Его мозг также усиленно работал. Мне очень хотелось, чтобы в минуту испытания Радневский оказался на высоте. Ведь он был мне многим обязан. Я с тревогой вглядывался в него. К сожалению, он уже, вероятно, меня не видел. Я выпал за борт, вода сомкнулась надо мной, волны быстро успокоились, и поверхность снова стала гладкой. Меня вычеркивали из списка так грубо и быстро, что я задрожал от ужаса. Но ведь я сам хотел сорвать маски с их лиц! Однако такая доза искренности оказалась слишком сильной для моего деликатного тельца. Некоторое утешение мне доставила мысль, что я помучаю их после смерти, если, как это следовало из диагноза профессора, она действительно скоро наступит. Они не только досыта набегаются по городу в поисках приличного гроба (разве что директор раздобудет его из какого-нибудь спецфонда), но я загоню их на кладбище и заставлю изображать на лицах печаль, заставлю выслушивать разные словеса о моей жизни в дождь и ветер или в снег и мороз. В официальном некрологе будет сказано: «В лице покойного мы потеряли выдающегося специалиста (неправда), неутомимого организатора (полуправда) и ценимого всеми руководителя (липа). Честь его памяти! Подпись — дирекция, партийная организация, местком, сотрудники». А траурное извещение от семьи будет выглядеть, как и положено у католиков: «Священной памяти Кгдиштоф Максимович, прожив 44 (45?) года, умер после непродолжительной тяжелой болезни… числа… месяца… года.

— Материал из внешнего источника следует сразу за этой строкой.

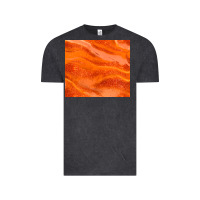 Vintage Black orange glitter Vintage Tee - JahusDesignShop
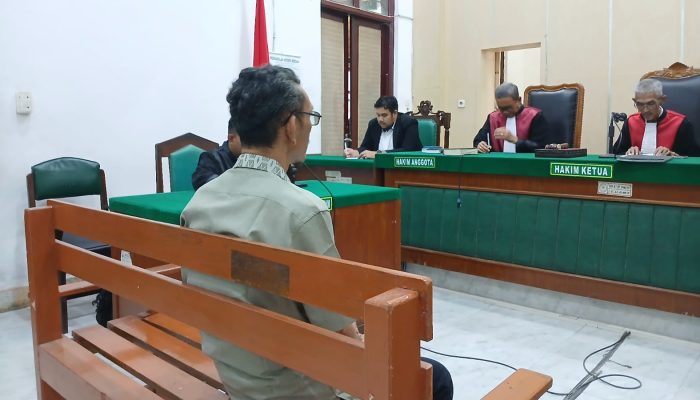 Eks Ketua BUMNag di Simalungun Divonis 4 Tahun Penjara, Korupsi Dana Desa Rp533 Juta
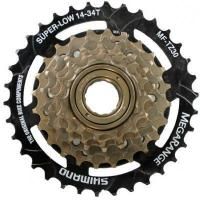Трещотка 6ск. Shimano Tourney MF-TZ30, 14-34T, серый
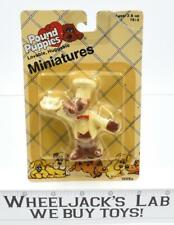 Pound Puppies Miniature Louie 7815 MOSC Tonka Employee Owned 1986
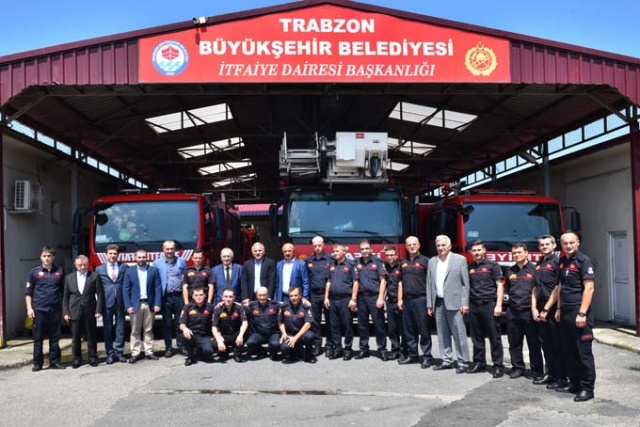 Trabzon'da Bayramlaşma 11 Ağustos 2019 14
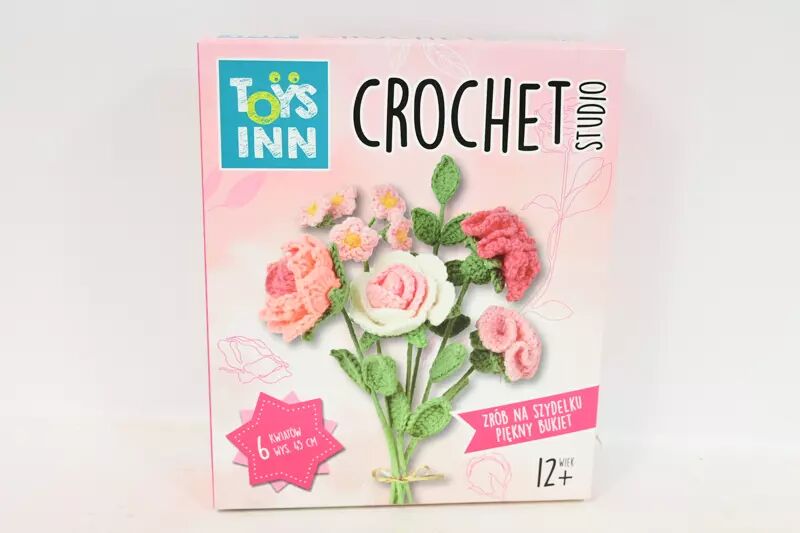 Bukiet robótki ręczne Crochet Studio Toysinn STN 9612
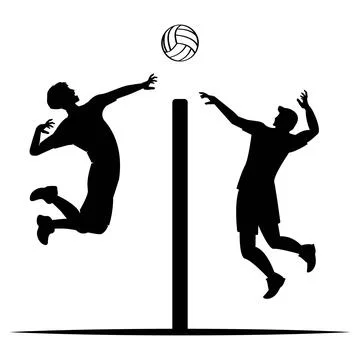 Volley vector illustration design Stock Illustration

Панихида состоится… в костеле св. Карла Варфоломея, о чем извещают погруженные в печаль (скорбящие) жена и дочь». Долго я их всех не продержу, речи над гробом бывают самыми короткими. Обуховский с энтузиазмом возьмется за организацию похорон, стараясь почаще попадаться на глаза директору. Радневский убаюкает похоронную скуку мыслями об ожидающей его карьере. Может, Эва искренне поплачет, может, вспомнит обо мне спустя годы… Эх, да что там! Я и вовсе не был на похоронах своего отца. Мать получила от него из тюрьмы Павяк закатанную в хлебный шарик записочку. В ней было неразборчиво нацарапано: «Наверно, я уеду куда-то… большая группа… прощайте». Это был и некролог его и похороны. Пепел отца развеял ветер, не знаю когда и где. Мать уже никогда больше не смогла заснуть нормальным сном, покамест не угасла навеки. А я? Я выходил из окружения, пробираясь через трясины и топи под обстрелом пикирующих самолетов, среди пулеметной трескотни.